Based on these cross-sectional data, the effect of quadriceps weakness appears to be most marked for the lateral patellofemoral joint. With increasing knee flexion, activation of the quadriceps mechanism assists in controlling tracking of the patella and preventing excessive lateral displacement (21). The overall pull of the quadriceps mechanism is thought to be slightly lateral (22). The lateral pull of the patella is resisted, in part, by the vastus medialis, one of the 4 quadriceps muscles. Weakness in the vastus medialis may increase loading across the lateral patellofemoral compartment. Ineffectual quadriceps activation, in particular poor vastus medialis control, will allow excessive lateral displacement of the patella during knee flexion, leading to excessive compressive forces on the lateral patellofemoral joint. Interestingly, weakness was not associated with medial patellofemoral disease; this suggests that quadriceps weakness alters the balance of quadriceps contraction, leading to excessive lateral loading.

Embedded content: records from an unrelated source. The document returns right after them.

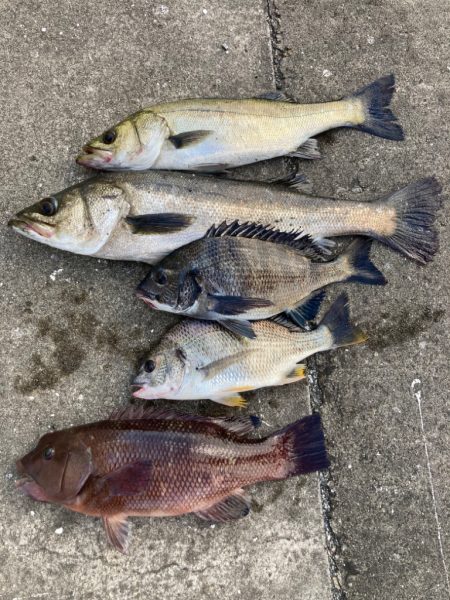 大潮のポカポカ陽気日にエビ撒き好調！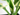 HOSTA MACETA 3 LITROS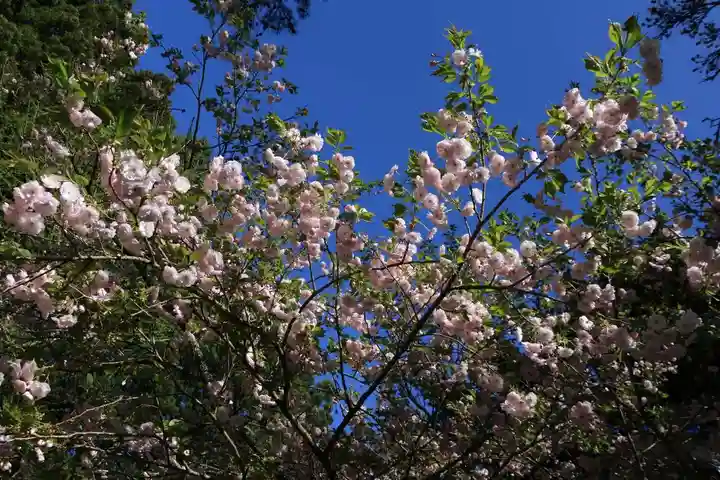 御札神社の自然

There are some limitations to the study. Although this is the largest sample of subjects with patellofemoral OA to be studied with skyline radiographs, the small numbers of men with isolated patellofemoral or tibiofemoral OA limit the interpretation of the data. In addition, the Chinese population studied has some distinct differences compared with the Western population. There is more symptomatic knee OA among women in the Beijing study than has been reported in the US (13). Women in Beijing are more active and have lower body weights, and squatting is much more common. Although the squatting questionnaire is subject to recall bias by asking subjects to estimate squatting time years ago, we found associations of squatting with OA in those without knee pain, a group of subjects in whom recall bias would be unlikely. Most important, it is difficult to theorize about etiology in this study, because of the cross-sectional design. However, the results in individuals without symptoms suggest that pain may contribute to the weakness, and that the association of OA and weakness may reflect their mutual association with knee pain. In light of this, the limitations in the knee-pain question must be kept in mind.
In conclusion, we observed a relationship between quadriceps weakness and both isolated patellofemoral and tibiofemoral OA and combined disease. For patellofemoral disease, this association was more marked for lateral disease than for medial disease. When we removed knees with pain from the analysis, only knees with disease in both the tibiofemoral and patellofemoral compartments were weak, not knees with disease in an isolated compartment. This suggests that pain may contribute to this weakness.